The cast of three performs with pace and energy
The cast of three performs with pace and energy in an attempt to convey the muddled lives of the lads. Finn (Lewis Jackson) tries to remain focused on his studies for the looming A-Level exams and the prospect of life at university. He is the only academic one among them. His older brother, Deano (Dean Gregory) is a builder with his brains in his groin. His life revolves around excessive partying at the weekends and picking up as many women as he can, because it’s what a stud feels obliged to do. His best mate Lee (Andrew Houghton) somewhat reluctantly at times joins in, but has befriended Finn and sees it as his job to prepare the teenager for the social life that awaits him.

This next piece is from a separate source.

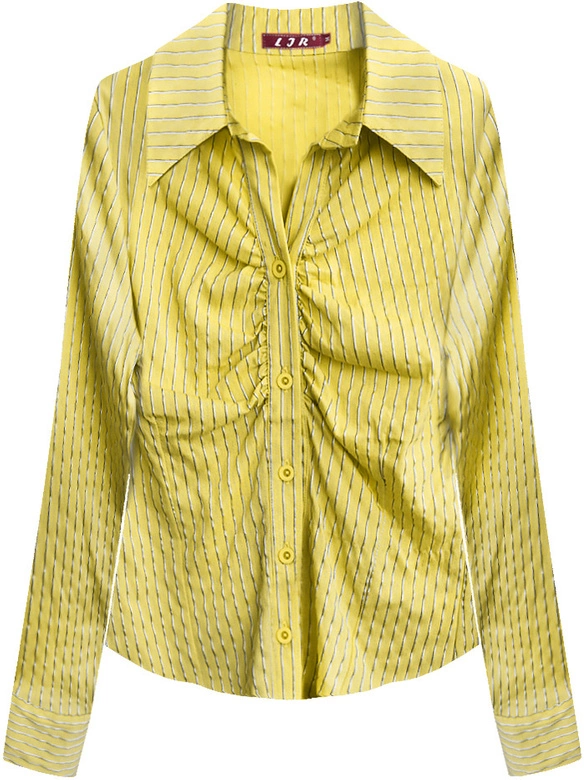 ELEGANCKA KOSZULA W PASKI ŻÓŁTA (1086)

Deano fears his brother’s presence might cramp his style, however, and is also suspicious of his growing friendship with Lee.
There’s a lot of homophobic banter and taunting from Deano as the nature of the relationship between the two boys becomes more ambiguous. Those who like such situations out in the open will be frustrated as the issue hovers under the surface with only a hint of what may or may not be going on. Of the few certainties, we know that Deano’s attitude is derived partly from their mother leaving the family several years ago to take up a lesbian relationship along with the anti-gay rhetoric he has learned from his father. This situation has built up his anger, his resentment and the chip on his shoulder. It’s further exacerbated when he discovers that Lee is in touch with his mother and has been passing on messages from her to Finn. Thus tensions rise and friendships are challenged amongst a trio that lacks the skills to deal with the confrontations they raise.
There’s a lot of scene-setting in the play and repetition of scenarios, although in act two events move on apace. The abrupt ending leaves a lot hanging in the air, however, and although by that stage more sensitivity has been demonstrated by Deano and Lee, there is little to suggest that they will make any substantial changes in their attitudes and behaviour. Finn, meanwhile, seems to rise above most of it and has the escape route of university to look forward to.
The script might leave something to be desired but each member of the cast uses the material to create a distinctive and complex character surrounded by an air of mystery that gives the production an element of fascination.